══ THE DATA ══

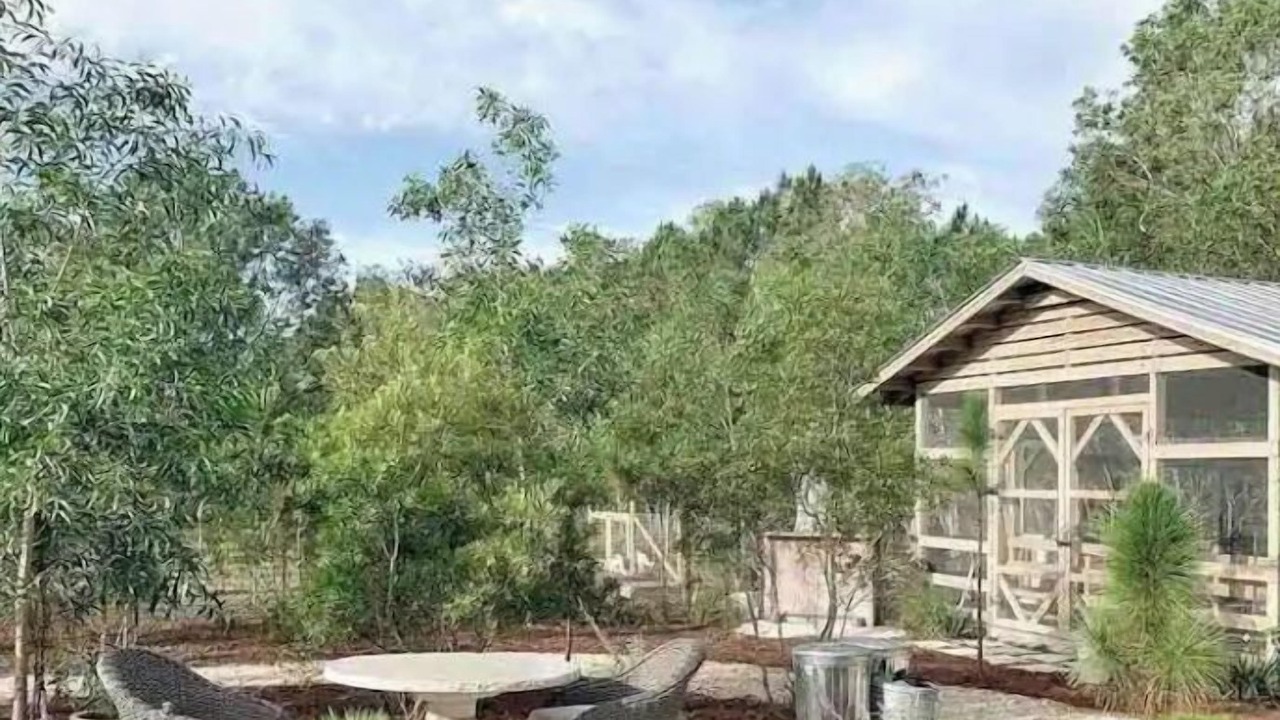Photo of Outdoor in Jupiter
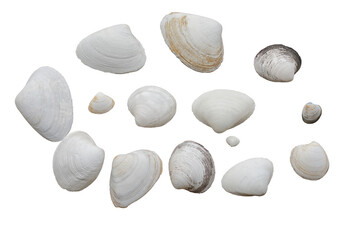 Seashells of various shapes and sizes. Isolate on white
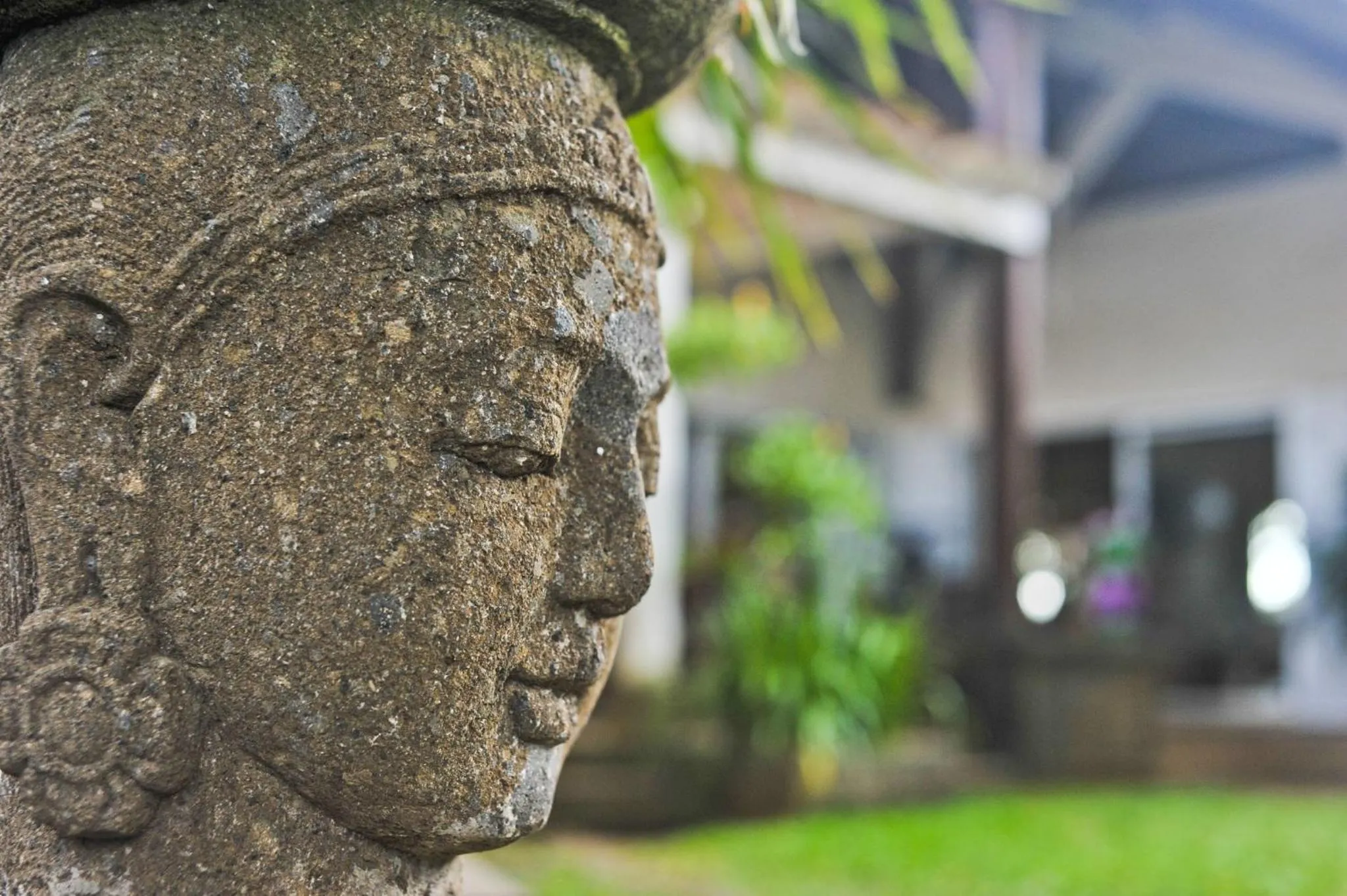 Decorative detail in Tree Lodge Mauritius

═══

● AIM OF THE EXERCISE
When you repeat the data, keep every line exact and drop the images.

● EXERCISE SOLUTION
Photo of Outdoor in Jupiter
 Seashells of various shapes and sizes. Isolate on white
 Decorative detail in Tree Lodge Mauritius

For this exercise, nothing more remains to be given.